If I'm not mistaken, secret shopping is to evaluate customer service and knowledge of products. Wouldn't a better use of your development time be to better the staff's ability to answer ALL customer questions rather than spotting the secret shopper? If you focus on providing top-notch quality service to every person who calls in, then the secret shopper problem solves itself.

Mike Jones

I definitely think a scenario-based game could benefit your learners, Josh—but I also agree with Nick Elkins that your learners would be better off with a focus on overall customer service, instead of "spot the secret shopper." Since the point of the secret shopper is to evaluate your retail employee's ability to provide excellent customer service while demonstrating knowledge of whatever it is they are selling, you could structure it this way:

  • Have a series of "callers" that the learner can choose from—they'll deal with all of them eventually, but giving them the option of where to start and where to go next helps with motivation.
  • The learner then gets a set of 3 things that they can choose to say as a greeting to the customer/caller.
  • When the learner makes a choice, the caller's reaction changes and they respond—if they choose something really wrong, then you can use it as an opportunity to spot-check and provide remedial information before they try again.
  • Repeat that cycle for the duration of your call/customer interaction, maybe even add some sort of a point system/status meter with achievements that can be unlocked.
  • After all of the customers are complete, then ask the learner to identify which caller(s) were a secret shopper—it shouldn't be obvious, since part of the secret shopper's job is to be inconspicuous.

If you want to go into greater detail about what a secret shopper's role is, you can go into greater detail at this point.
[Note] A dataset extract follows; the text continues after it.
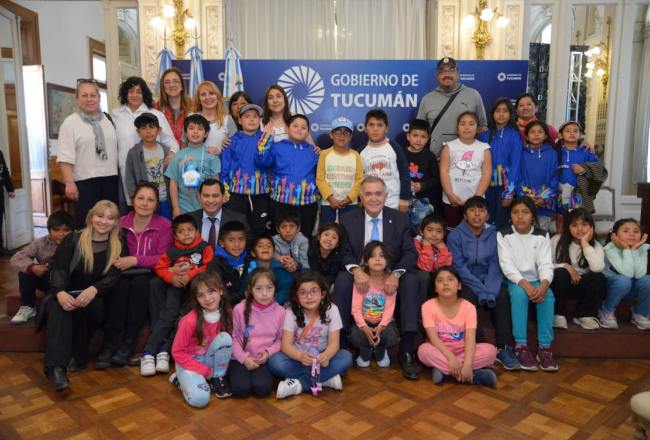 De los Valles Calchaquíes a San Miguel de Tucumán: “Agradecemos el cariño del Gobernador”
But I think focusing on trying to pick out a secret shopper defeats the purpose of the secret shopper program in your overall customer service strategy.

Best of luck!

Dave Ferguson

I tend to agree with the idea that delivering quality customer service is the (likely) goal, as opposed to spotting a secret shopper (who I assume is working for your organization, rather than a competitor).

Still it seems from your explanation that the people taking the customer calls are aware that there are secret shoppers (by whatever term) and that the role of such shoppers is a quality-assurance one.

The next question goes beyond delivery of training but relates to it: how does the organization use the secret-shopper data? Do people get in trouble, or is there a genuine effort to provide timely, specific, actionable feedback?

You might follow the excellent scenario-based approach (regardless of who's asking the questions) with an explanation / demonstration of feedback and consequences in general ("here's how and what we hear from customers") and as a result of the secret-shopping.

That could come via follow-ons (Customer Angela later filled in the online survey... Customer Dan was contacted by marketing... Customer Ilona was actually a secret shopper) or even another batch of scenarios in which the learner sees/hears "someone else's" responses, perhaps rates/comments on their appropriateness, and then sees either the actual-customer or secret-shopper's own opinion of the exchange.

That could be especially good if you have cases where response ABC is businesslike and accurate in terms of content but the delivery or transaction could fall short on some customer-service level, or cases where errors are made because someone relies on memory instead of on procedures, references, or other guidance.